# Text Generation with Neural Networks

Import necessary packages for preprocessing, model building, etc. We follow the steps described in the theoretical part of this summer school as follows:

0. Define Reseach Goal (already done)
2. Retrieve Data
3. Prepare Data
4. Explore Data
5. Model Data
6. Present and automate Model

In [42]:
from keras.callbacks import LambdaCallback
from keras.models import Sequential
from keras.layers import Dense, Activation
from keras.layers import LSTM
from keras.optimizers import RMSprop
from keras.utils.data_utils import get_file
from keras import backend as K
import numpy as np
import random
import sys
import io

# 1. Retrieve Data

Load your data! You can pick up data from everywhere, such as plain text, HTML, source code, etc.
You can either automatically download with Keras get_file function or download it manually and import it in this notebook.

## Example Data Set
[trump.txt](https://raw.githubusercontent.com/harshilkamdar/trump-tweets/master/trump.txt)

In [43]:
path = get_file('trump.txt', origin='https://raw.githubusercontent.com/harshilkamdar/trump-tweets/master/trump.txt')
text = io.open('resources/shakespeare.txt', encoding='utf-8').read().lower()
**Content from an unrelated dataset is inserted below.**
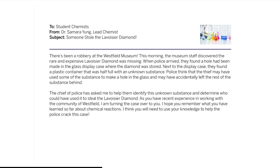We have a new message from Dr. Jung. There's been a robbery at the Westfield Museum. This morning, the museum staff discovered that the rare and expensive Lavoisier diamond was missing. When police arrived, they found a hole had been made in the glass display case where the diamond was stored. Next to the display case, they found a plastic container that was half full of an unknown substance. Police think that the thief may have used some of the substance to make a hole in the glass and may have accidentally left the rest of the substance behind. The chief of police has asked me to help them identify this unknown substance and determine who could have used it to steal the Lavoisier diamond.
print('corpus length:', len(text))

corpus length: 106191


# 2. Prepare Data

As described in the theoretical part of this workshop we need to convert our text into a word embedding that can be processed by a (later) defined Neural Network. 


## 2.1. Create Classes 
The goal after this step is to have a variable which contains the distinct characters of the text. Characters can be letters, digits, punctions, new lines, spaces, etc.

### Example:
Let's assume we have the following text as input: "hallo. "

After the following step, we want to have all distinct characters, i.e.:

``[ "h", "a", "l", "o", ".", " " ] ``


In [44]:
chars = sorted(list(set(text)))
print('total chars:', len(chars))

total chars: 40


## 2.2. Create Training Set

In the following section we need to create our test set based on our text. The idea is to map a sequence of characters to a class. In this case, a class is one of our distinct characters defined in the previous task. This means that a sequence of characters predicts the next character. This is important for the later model to know which characters come after specific sequences. The sequence length can be chosen. So try out different squence length.

### Example:
Our text is still: "hallo. "
Sequence length: 2 (i.e. 2 characters predict the next character)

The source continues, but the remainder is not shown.